[[ Data for analysis open ]]

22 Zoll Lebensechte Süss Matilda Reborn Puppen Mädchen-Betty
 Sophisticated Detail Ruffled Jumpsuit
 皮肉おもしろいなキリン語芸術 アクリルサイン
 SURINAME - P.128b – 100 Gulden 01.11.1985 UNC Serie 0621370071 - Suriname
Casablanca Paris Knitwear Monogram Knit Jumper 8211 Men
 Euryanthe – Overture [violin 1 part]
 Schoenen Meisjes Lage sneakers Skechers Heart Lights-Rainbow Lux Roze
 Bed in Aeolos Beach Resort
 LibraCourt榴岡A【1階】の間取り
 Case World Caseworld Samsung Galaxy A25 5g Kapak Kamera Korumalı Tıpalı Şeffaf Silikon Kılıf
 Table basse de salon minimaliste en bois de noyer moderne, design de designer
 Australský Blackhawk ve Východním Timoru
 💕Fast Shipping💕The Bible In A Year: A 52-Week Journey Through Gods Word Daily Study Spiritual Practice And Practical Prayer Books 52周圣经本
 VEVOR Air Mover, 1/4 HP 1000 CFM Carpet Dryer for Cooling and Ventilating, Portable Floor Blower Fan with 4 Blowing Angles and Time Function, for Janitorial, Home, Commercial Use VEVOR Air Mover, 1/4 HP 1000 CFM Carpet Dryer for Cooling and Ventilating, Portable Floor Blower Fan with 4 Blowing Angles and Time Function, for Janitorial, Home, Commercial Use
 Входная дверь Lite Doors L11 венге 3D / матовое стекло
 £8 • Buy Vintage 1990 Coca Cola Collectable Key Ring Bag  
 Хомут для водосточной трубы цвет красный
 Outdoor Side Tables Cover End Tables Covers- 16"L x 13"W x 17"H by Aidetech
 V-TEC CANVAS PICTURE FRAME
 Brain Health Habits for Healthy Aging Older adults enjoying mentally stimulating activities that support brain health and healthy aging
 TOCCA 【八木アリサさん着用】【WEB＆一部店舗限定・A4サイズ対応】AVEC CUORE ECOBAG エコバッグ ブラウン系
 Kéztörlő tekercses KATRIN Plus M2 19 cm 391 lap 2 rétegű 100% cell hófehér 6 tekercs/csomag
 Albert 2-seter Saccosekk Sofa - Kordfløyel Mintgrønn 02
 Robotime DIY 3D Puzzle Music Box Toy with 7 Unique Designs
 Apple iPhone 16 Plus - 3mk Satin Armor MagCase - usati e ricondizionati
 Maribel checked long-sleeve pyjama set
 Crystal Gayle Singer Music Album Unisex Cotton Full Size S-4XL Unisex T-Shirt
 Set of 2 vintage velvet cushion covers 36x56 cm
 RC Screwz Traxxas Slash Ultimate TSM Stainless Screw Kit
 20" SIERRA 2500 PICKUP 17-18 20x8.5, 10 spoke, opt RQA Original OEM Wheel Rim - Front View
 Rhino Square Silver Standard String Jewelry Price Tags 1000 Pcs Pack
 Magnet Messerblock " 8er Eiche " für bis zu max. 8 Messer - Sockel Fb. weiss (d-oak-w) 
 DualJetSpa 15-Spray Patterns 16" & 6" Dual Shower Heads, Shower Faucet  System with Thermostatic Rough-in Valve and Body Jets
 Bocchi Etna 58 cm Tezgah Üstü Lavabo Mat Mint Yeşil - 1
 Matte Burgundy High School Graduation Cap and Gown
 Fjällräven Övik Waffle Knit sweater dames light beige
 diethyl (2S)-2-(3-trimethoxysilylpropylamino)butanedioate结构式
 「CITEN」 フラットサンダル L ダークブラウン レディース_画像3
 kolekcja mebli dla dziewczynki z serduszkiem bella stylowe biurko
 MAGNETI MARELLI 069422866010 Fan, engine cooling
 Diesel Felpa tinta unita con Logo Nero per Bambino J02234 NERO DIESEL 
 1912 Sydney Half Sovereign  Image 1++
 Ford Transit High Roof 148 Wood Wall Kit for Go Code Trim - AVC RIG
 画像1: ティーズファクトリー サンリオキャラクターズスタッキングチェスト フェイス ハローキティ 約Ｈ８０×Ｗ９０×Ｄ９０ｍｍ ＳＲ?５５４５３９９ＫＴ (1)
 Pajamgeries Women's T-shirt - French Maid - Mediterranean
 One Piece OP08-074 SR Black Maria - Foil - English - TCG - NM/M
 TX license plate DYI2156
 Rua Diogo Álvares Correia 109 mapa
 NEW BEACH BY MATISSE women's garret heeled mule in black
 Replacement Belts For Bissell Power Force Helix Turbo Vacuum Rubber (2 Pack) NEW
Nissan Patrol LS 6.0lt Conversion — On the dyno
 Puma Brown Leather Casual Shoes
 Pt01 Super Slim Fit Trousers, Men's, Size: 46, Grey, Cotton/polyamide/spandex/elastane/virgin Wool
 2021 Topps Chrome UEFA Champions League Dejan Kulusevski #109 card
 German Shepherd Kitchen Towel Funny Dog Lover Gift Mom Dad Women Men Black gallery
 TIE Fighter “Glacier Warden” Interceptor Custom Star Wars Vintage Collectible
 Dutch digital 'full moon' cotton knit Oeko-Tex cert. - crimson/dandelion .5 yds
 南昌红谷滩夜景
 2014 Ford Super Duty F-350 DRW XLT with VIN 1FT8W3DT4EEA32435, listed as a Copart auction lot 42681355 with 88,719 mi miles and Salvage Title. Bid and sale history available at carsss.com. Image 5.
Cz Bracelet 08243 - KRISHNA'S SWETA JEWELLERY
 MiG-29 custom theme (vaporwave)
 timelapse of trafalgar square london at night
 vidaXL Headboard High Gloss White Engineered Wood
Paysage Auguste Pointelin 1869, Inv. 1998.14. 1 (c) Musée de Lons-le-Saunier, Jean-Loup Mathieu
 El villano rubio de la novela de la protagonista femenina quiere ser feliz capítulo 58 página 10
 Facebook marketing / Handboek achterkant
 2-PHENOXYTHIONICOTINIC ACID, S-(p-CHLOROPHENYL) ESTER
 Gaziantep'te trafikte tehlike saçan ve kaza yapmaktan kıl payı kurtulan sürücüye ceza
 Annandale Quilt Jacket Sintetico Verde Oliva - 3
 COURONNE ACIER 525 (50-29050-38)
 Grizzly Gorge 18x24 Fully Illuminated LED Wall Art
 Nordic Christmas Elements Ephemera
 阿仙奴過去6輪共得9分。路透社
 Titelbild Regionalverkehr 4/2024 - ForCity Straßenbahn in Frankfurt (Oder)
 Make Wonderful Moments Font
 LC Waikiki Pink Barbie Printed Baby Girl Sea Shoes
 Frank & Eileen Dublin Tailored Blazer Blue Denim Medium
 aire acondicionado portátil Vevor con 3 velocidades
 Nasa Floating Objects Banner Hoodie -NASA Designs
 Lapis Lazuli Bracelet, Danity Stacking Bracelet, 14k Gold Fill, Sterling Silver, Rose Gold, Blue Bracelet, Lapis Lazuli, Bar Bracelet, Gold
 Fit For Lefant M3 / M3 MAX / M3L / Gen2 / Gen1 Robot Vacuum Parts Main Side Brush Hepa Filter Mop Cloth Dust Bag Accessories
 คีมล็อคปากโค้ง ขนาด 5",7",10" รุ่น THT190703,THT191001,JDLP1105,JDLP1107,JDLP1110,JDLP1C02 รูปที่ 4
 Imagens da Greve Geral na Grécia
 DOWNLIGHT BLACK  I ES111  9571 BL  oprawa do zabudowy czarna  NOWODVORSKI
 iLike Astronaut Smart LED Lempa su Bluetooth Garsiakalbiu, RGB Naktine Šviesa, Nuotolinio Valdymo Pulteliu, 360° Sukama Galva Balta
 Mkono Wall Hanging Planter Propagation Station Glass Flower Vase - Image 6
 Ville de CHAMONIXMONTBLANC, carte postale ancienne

[[ Data for analysis closed ]]

Directions> Among the lines above, which ones include the word "Silver"? Copy them.

Task solution>
 Rhino Square Silver Standard String Jewelry Price Tags 1000 Pcs Pack
 Lapis Lazuli Bracelet, Danity Stacking Bracelet, 14k Gold Fill, Sterling Silver, Rose Gold, Blue Bracelet, Lapis Lazuli, Bar Bracelet, Gold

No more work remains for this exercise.